Darum ist die Erklärung, die die Bundesregierung heute abgegeben hat, unmöglich.
Schließlich, meine Damen und Herren, mißbilligt die sozialdemokratische Fraktion eine Methode, die nachher bei der Rechtfertigung mit dem Appell an die Gemeinsamkeit arbeitet, aber vorher durch die Praxis der Erklärungen und Maßnahmen doch eine Absage an dieselbe so gepriesene Gemeinsamkeit auch in der Außenpolitik bedeutet.
Zu den rechtlichen Ausführungen und den beträchtlichen Leistungen juristischer und philologischer Fleißarbeit will ich mich hier nicht äußern.
Ich will nur sagen, daß diese Ausführungen alle an dem zentralen Problem vorbeigehen.
Der Mangel an Schlüssigkeit kann auch durch die
Lautheit des Standpunktes nicht zugedeckt werden.
Es handelt sich um die verfassungsmäßige Regelung, die im Grundgesetz nicht vorgenommen ist,
und vor dieser Frage stehen wir.
— Ach, glauben Sie denn, daß man die wichtigsten Probleme des deutschen Staats- und Volkslebens im Grundgesetz aus beiläufigen Bemerkungen und einer e-contrario-Argumentation beschaffen kann? Die Sozialdemokratische Partei steht zu jedem Wort der sozialdemokratischen Erklärungen im' Parlamentarischen Rat in Bonn.
— Ich sehe aus der Freudigkeit und dem Enthusiasmus Ihres Beifalls, daß Sie auf dem Wege zur Erkenntnis des Problems sind.
Die Sozialdemokratische Partei besteht auf dem verfassungsändernden Charakter, und sie wird das Volk keinen Augenblick im Stich lassen, wenn es sein Recht geltend macht, auch gehört zu werden. In dieser Frage ist das Problem als politisches Problem ja nicht nur eine Frage der Verantwortung der Regierung oder einer Regierungsmehrheit oder auch der Opposition. Die letzte Verantwortung trägt doch das Volk selbst, das man in dieser wichtigsten Frage nicht einfach mundtot machen kann, weil jeder einzelne Mensch als Person die Konsequenzen dieser Handlungen zu tragen hat.
Der Respekt vor unserem Volke sollte auch der Bundesregierung den Weg freimachen zu einer anderen Art als der der taktisch-autoritären Behandlung dieser Dinge.
Herr Abgeordneter, Ihre Zeit ist um.
Meine Zeit zwar nicht, aber meine Redezeit!
Die Sozialdemokratische Partei erklärt abschließend: Es gibt auf unserem Kontinent keine Freiheit ohne die deutsche Freiheit, und es gibt in der Freiheit keine Größenunterschiede und keine Unterschiede im moralischen Kern dieser Freiheit. Das ist die Grundlage der Politik, die wir heute vor Ihnen vertreten haben.

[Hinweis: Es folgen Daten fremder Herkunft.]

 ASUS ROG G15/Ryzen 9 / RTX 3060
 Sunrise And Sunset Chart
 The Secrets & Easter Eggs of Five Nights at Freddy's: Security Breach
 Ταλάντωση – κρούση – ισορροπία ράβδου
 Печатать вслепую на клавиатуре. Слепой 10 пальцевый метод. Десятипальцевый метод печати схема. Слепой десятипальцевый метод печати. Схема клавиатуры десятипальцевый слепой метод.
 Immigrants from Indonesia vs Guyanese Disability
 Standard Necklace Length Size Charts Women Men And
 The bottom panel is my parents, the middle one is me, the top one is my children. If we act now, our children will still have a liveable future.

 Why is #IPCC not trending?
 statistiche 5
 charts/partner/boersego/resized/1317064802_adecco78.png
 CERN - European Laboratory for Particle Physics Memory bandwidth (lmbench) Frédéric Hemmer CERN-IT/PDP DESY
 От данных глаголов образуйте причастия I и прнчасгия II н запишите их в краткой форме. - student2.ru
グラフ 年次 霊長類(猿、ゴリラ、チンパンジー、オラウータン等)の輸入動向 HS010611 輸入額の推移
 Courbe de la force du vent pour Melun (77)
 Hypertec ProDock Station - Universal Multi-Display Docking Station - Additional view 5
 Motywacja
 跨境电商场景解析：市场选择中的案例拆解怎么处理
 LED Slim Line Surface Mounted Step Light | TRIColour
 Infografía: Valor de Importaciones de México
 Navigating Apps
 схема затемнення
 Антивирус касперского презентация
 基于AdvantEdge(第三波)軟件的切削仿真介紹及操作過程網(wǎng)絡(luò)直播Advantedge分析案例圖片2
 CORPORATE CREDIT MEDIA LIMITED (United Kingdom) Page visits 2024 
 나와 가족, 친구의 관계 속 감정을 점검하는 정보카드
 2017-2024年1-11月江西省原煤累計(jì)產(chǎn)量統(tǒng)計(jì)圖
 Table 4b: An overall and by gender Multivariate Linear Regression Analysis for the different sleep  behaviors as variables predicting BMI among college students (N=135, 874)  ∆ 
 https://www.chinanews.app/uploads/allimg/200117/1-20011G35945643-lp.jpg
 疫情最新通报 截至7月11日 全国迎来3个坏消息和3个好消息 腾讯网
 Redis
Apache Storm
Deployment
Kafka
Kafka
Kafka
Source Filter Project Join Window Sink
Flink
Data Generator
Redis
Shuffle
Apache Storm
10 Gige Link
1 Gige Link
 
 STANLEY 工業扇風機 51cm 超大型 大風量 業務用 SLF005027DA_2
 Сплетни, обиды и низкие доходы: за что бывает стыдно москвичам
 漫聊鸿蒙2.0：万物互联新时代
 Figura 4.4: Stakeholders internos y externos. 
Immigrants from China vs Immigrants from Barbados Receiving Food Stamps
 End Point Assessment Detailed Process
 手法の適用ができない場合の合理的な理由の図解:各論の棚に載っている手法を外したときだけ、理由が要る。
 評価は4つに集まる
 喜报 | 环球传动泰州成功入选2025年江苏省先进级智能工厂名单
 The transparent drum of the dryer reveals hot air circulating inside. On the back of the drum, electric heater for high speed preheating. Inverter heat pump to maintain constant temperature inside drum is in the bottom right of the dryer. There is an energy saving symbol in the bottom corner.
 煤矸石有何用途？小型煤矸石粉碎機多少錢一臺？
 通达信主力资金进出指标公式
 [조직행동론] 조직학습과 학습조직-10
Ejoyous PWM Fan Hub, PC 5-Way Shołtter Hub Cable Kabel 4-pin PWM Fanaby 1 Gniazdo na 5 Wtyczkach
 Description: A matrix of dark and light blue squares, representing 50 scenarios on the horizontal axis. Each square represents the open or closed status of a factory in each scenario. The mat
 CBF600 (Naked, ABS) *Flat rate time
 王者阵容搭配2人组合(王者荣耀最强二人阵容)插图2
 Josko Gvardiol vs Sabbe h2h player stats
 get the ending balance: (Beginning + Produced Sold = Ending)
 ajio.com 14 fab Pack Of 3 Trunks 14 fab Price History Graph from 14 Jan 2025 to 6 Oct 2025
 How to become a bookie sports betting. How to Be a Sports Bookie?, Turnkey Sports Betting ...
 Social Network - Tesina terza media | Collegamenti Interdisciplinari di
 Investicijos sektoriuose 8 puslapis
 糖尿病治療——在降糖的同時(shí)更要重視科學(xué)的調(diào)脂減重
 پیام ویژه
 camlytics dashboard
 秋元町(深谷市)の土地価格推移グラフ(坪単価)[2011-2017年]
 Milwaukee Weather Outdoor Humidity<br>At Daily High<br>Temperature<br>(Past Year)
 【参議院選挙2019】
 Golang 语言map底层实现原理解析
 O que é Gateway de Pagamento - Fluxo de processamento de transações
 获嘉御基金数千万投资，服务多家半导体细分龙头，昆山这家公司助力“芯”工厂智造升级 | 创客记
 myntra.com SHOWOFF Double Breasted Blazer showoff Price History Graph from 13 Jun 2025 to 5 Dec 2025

Das Wort hat der Herr Bundeskanzler.
Meine Damen und meine Herren! Der Verlauf der Debatte ist nicht erfreulich. Ich bin nach wie vor der Auffassung, daß sich bei Lebensfragen des deutschen Volkes Regierungskoalition, Opposition und Regierung zusammenfinden müssen.
Ich stelle, wenn Herr Dr. Schumacher hier eben die Methode der Bundesregierung und des Bundeskanzlers kritisiert hat, fest, daß die Bundestagsfraktion zunächst durch ein Kommuniqué ihre Haltung in dieser für das deutsche Volk lebenswichtigen Frage der Öffentlichkeit mitgeteilt hat.
Ich möchte die Herren doch bitten, einmal einen Blick in die amerikanischen Zeitungen zu werfen und sich von maßgebenden amerikanischen Politikern sagen zu lassen, welch verheerende Wirkungen gewisse deutsche Äußerungen und Stellungnahmen, auch der SPD, in Amerika ausgelöst haben.
Vor allem aber liegt mir folgendes am Herzen, und deswegen habe ich mich noch einmal zu Wort gemeldet. Ich erhalte Nachrichten, daß manche Reden, die hier gehalten worden sind,
in Berlin und in der Ostzone tiefe Enttäuschung hervorgerufen haben.
Von dieser Stelle aus möchte ich den Berlinern
und den Deutschen in der Ostzone sagen, daß die Bundesrepublik Deutschland sie unter keinen Umständen verlassen und alles tun wird, um sie wieder zu uns zurückzubringen.
Weitere Wortmeldungen liegen nicht vor. Ich schließe die Aussprache über die Erklärung der Bundesregierung.
Ich berufe die nächste Sitzung des Deutschen Bundestages auf morgen, Donnerstag, 13 Uhr 30 und schließe die 98. Sitzung des Deutschen Bundestages.